I just tried to compile the package fceu-0.98.25-1.7 with the GNU C++ compiler version 4.4 snapshot 20081212. The compiler appears to get into a long or possibly infinite loop. I tried compiling with flag -O2 and that took 40 seconds or so. With flag -O3, compilation did not finish in over seven minutes on an otherwise idle machine. Preprocessed source code attached. Flag -O3 required.

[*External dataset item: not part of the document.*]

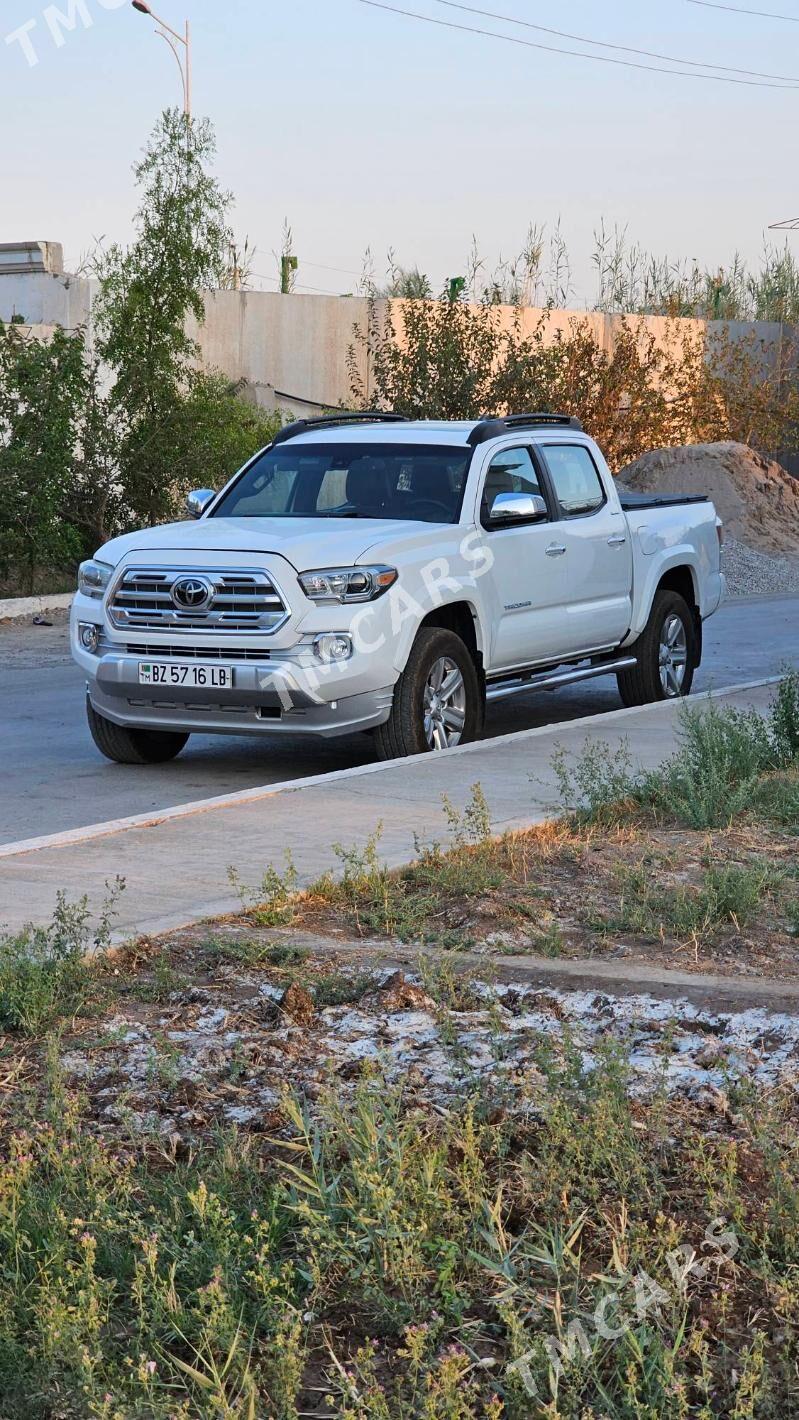 Toyota Tacoma 2019 - 500 000 TMT - Туркменабат - img 5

Created attachment 16904 [details] C source code
On 2.66GHz Cor2 Quad running Fedora 9/x86-64, gcc 4.4 revision 142740 gave: lake:pts/1[9]> time ./xgcc -B./ -O3 /tmp/bug48.c -S ./xgcc -B./ -O3 /tmp/bug48.c -S 94.39s user 0.98s system 99% cpu 1:35.51 total lake:pts/1[10]> time ./xgcc -B./ -O2 /tmp/bug48.c -S ./xgcc -B./ -O2 /tmp/bug48.c -S 11.66s user 0.22s system 99% cpu 11.877 total lake:pts/1[11]> time ./xgcc -B./ -O2 /tmp/bug48.c -S -ftree-vectorize ./xgcc -B./ -O2 /tmp/bug48.c -S -ftree-vectorize 61.16s user 0.73s system 99% cpu 1:01.92 total
(In reply to comment #2) > On 2.66GHz Cor2 Quad running Fedora 9/x86-64, gcc 4.4 revision 142740 gave: Thanks for the extra information. I am concerned that the -O3 takes nine times longer than the -O2. I'd be interested in finding out where that extra time is being spent. I've had a look at "man gcc" but nothing obvious is found.

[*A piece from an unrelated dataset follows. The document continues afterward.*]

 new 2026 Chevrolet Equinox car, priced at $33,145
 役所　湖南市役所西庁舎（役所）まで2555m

-ftime-report will report where the extra time is happening. Anyways confirmed. loop unswitching : 308.19 (70%) usr 0.05 ( 4%) sys 308.17 (70%) wall 105 kB ( 0%) ggc
With GCC 4.8 we see loop invariant motion : 16.79 (32%) usr 0.02 ( 3%) sys 16.65 (31%) wall 148 kB ( 0%) ggc loop unswitching : 10.43 (20%) usr 0.02 ( 3%) sys 10.42 (20%) wall 0 kB ( 0%) ggc TOTAL : 52.07 0.67 53.00 363360 kB which is RTL loop optimizers.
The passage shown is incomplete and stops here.